The Bahamas’ ‘amateur boxing’ fraternity under microscope

The Government of The Bahamas, through the Boxing Rules Act of 1990, established the controlling arm of the professional segment of the sport. Accordingly, the Cabinet of The Bahamas appointed the Bahamas Boxing Commission, its chairman and all of the members.

A clause in the act gives the appointed board the jurisdiction to, in its discretion, make decisions for the betterment of the national professional boxing program, of course, with the endorsement of the sitting Minister of Youth, Sports and Culture.

Generally, it is a government-controlled entity, and the personnel who are entrusted with the authority for professional boxing in the country can be appointed and changed, as the powers that be see fit.

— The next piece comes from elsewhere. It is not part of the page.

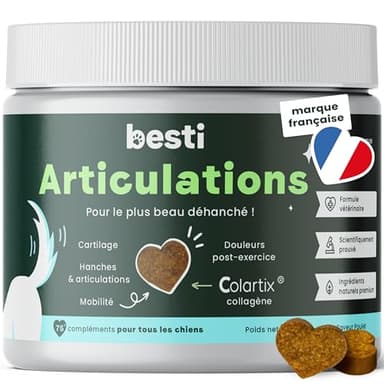 besti - Articulations | 75 Compléments Alimentaires Premium pour Chiens | Anti-Arthrose, Améliore la Mobilité Articulaire et Le Cartilage | Marque Française - Formule Vétérinaire | Au Poulet | 300 GR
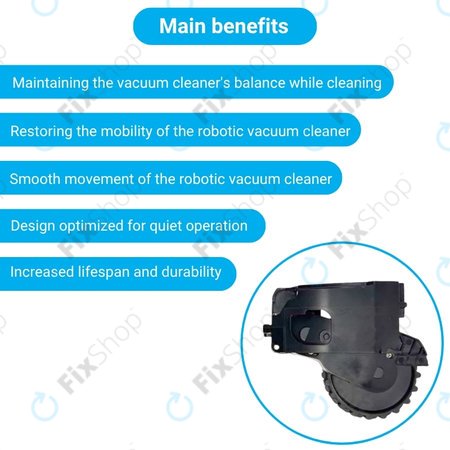 Xiaomi Dreame F9, Mi Robot Vacuum Mop (Mijia 1C), 2 Pro+ (Mijia 1T) - Kolo s Motorem (Pravé) (Černé)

The Bahamas Boxing Federation is an entirely different matter. The late former New York Golden Gloves standout Bertram (Bert Perry) Perigord, who was later to reign as The Bahamas’ Heavyweight Champion on several occasions, came back home in the late 1960s with the idea of an amateur program. He got with this writer, Virginius Knowles, Charlie Major, Rudy Moultrie and Amos Ferguson, to form the Bahamas Amateur Boxing Association. Only Ferguson and I of the founding executives are still alive. The organization was officially endorsed as a member of the International Boxing Association (AIBA).

The Bahamas Amateur Boxing Association later became known as the Bahamas Amateur Boxing Federation and is now called the Bahamas Boxing Federation (amateur). From that embryonic point in 1968 to now, the international body has determined how its member organizations, the one in The Bahamas and elsewhere, function.

AIBA has a set of particular rules regarding election of officers. It is from this backdrop that the local amateur organization has had problems. One voting, earlier this year, was nullified by the international parent body. Last weekend, there was the re-called voting and Vincent Strachan emerged president once again. Still, though, a cloud hangs over the group responsible now for directing amateur boxing in the country. The entire new slate of officers is under scrutiny because there were complaints of irregularities regarding the status of some who voted.

I understand that a protest will be logged with AIBA. Bahamas Olympic Committee (BOC) Vice President Roy Colebrooke chaired the elections, assisted by former federation vice president Alvin Sargent, who acknowledged that an official protest indeed is rumored.

“The elections went fairly okay. A number of questions were put to the chairman by Ronn Rodgers (who sought the presidency) but they were not considered appropriate for that forum and the election went on. An AIBA representative, Stephen Jones of Jamaica, was there and he observed, and from my perspective he didn’t have any problems with what went on. I understand though, that there will still be a protest,” informed Sargent.

So, the dust still has not settled and at least for the immediate future, Strachan will run the organization, knowing that an official endorsement of the elections by AIBA is essential.

For the sake of the sport, hopefully AIBA is able to bring order to the local federation without having to make a drastic decision that would put the amateur element of the sport on hold in The Bahamas.